President Donald Trump on Saturday pushed back against a report from The New York Times that White House counsel Don McGahn has shared extensive details with special counsel Robert Mueller about whether Trump tried to obstruct justice in the Russia probe.
“I allowed White House Counsel Don McGahn, and all other requested members of the White House Staff, to fully cooperate with the Special Counsel,” Trump tweeted Saturday evening. “In addition we readily gave over one million pages of documents. Most transparent in history. No Collusion, No Obstruction. Witch Hunt!”
White House press secretary Sarah Huckabee Sanders also played down the idea that there was any tension between Trump and McGahn.
“The president and Don have a great relationship,” Sanders said in a statement. “He appreciates all the hard work he’s done, particularly his help and expertise with the judges, and the Supreme Court nominees.”
On Sunday, Trump circled back to the topic with another string of tweets. “The failing @nytimes wrote a Fake piece today implying that because White House Councel Don McGahn was giving hours of testimony to the Special Councel, he must be a John Dean type ‘RAT.’ But I allowed him and all others to testify — I didn’t have to. I have nothing to hide,” he wrote in the first one, twice spelling “counsel” wrong.
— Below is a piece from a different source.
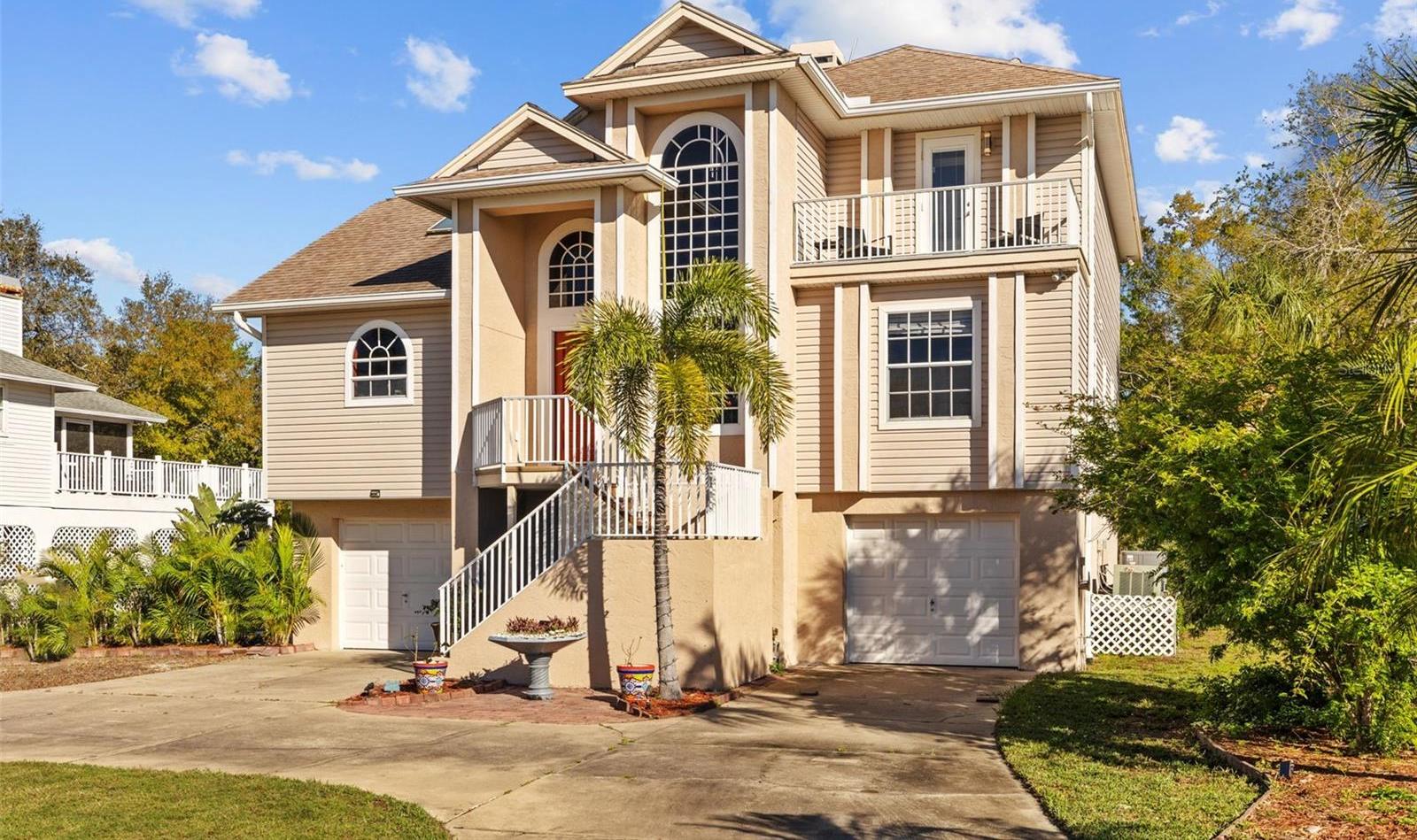 Photo one of 3114 Bluff Blvd Holiday FL 34691 | MLS TB8362666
Returning to a regular theme, he added: “No Collusion and No Obstruction, except by Crooked Hillary and the Democrats.”
McGahn’s lawyer, William Burck, said in a statement that the president had freed the White House counsel to speak openly to Mueller’s team.
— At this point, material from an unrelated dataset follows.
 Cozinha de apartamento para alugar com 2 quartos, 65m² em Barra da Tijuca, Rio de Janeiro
“President Trump, through counsel, declined to assert any privilege over Mr. McGahn’s testimony, so Mr. McGahn answered the Special Counsel team’s questions fulsomely and honestly, as any person interviewed by federal investigators must,” Burck said.
The New York Times reported earlier on Saturday that McGahn has been willing to share numerous details with Mueller’s investigators, and that he has provided at least three voluntary interviews with Mueller’s team that spanned 30 hours over the past nine months.
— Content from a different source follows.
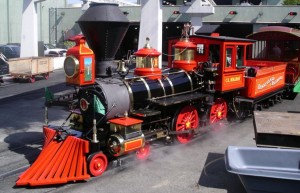 W.D. Locomotiva a Disneyland bis.JPG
The report stated that McGahn made the calculation to “protect himself” by fully cooperating with Mueller.
The high-profile NYT coverage threatens to add further tensions as Trump decides whether or not to sit down with Mueller for an interview.
Trump has aggressively denied any collusion with Russian officials in the lead-up to the election or any attempt to obstruct the Justice Department’s investigation into such allegations, regularly dismissing the probe as a “witch hunt.”
Trump has been under scrutiny, in particular, for firing former FBI Director James Comey, whom Trump pushed to back off the investigation into former national security adviser Michael Flynn, which is said to be part of the larger Russia probe.
POLITICO reported in March that McGahn was expected to step down from his post later this year, but that his departure may hinge on whether there was another opening for Trump to fill on the Supreme Court — an opening that emerged with the retirement of Justice Anthony Kennedy.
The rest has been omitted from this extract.